Les principales cibles de la SIP sur le continent - et de l’ANJ au Brésil - sont donc les suivantes : les politiques contre la pratique du monopole (présentées comme exemplaires par l’ONU), les journalistes comme Assange qui vit aujourd’hui enfermé dans une ambassade pour avoir exposé les secrets militaires de la plus grande puissance de la planète, les lois qui visent à garantir le droit à la diversité d’opinion et à la liberté d’expression. Les faits parlent d’eux-mêmes. N’importe quelle personne moyennement informée sait aujourd’hui que des entités comme la SIP et l’ANJ représentent, de fait, une grave menace à ces libertés et à ces droits dans toute l’Amérique Latine.

Notes du traducteur :

[1]Créée aux Etats-Unis en 1946, la SIP a participé activement à la politique dirigée contre les pays d’Amérique Latine qui ne s’alignaient pas sur la politique nord-américaine. Elle regroupe les grands médias latino-américains fortement marqués par leur engagement politique conservateur, néolibéral et pro-nord-américain.

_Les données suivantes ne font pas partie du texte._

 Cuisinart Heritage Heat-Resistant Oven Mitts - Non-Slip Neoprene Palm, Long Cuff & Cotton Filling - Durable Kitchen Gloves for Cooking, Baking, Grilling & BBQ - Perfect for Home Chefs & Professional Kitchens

[2]Ley de Medios. Afin de mettre fin aux situations de monopole dans la presse écrite et audiovisuelle en Argentine, en 2009, le gouvernement de Cristina Kirchner a fait voter une loi limitant le nombre de chaînes de radio et de télévision pouvant appartenir à un même groupe de presse. Clarin, le premier groupe de presse argentin a fait appel et ce n’est qu’en mai dernier que la Cour suprême a mis fin au feuilleton judiciaire obligeant tous les groupes de presse à prendre les dispositions nécessaires avant le 07 décembre 2012 pour se mettre en conformité avec la loi. Devant faire face aux mêmes problèmes, le gouvernement brésilien est actuellement engagé dans une refondation de la législation actuelle, législation qui date de l’époque de la dictature.

[3]Le groupe de médias Globo est le premier groupe d’Amérique Latine (il est plus important que le groupe Televisa du Mexique) et le deuxième au niveau mondial. Présent dans la presse écrite, la radio et sur Internet, c’est dans l’espace de la télévision ouverte qu’il a le plus grand impact, disposant de 5 chaînes propres et de participations dans plus de 110 chaînes locales.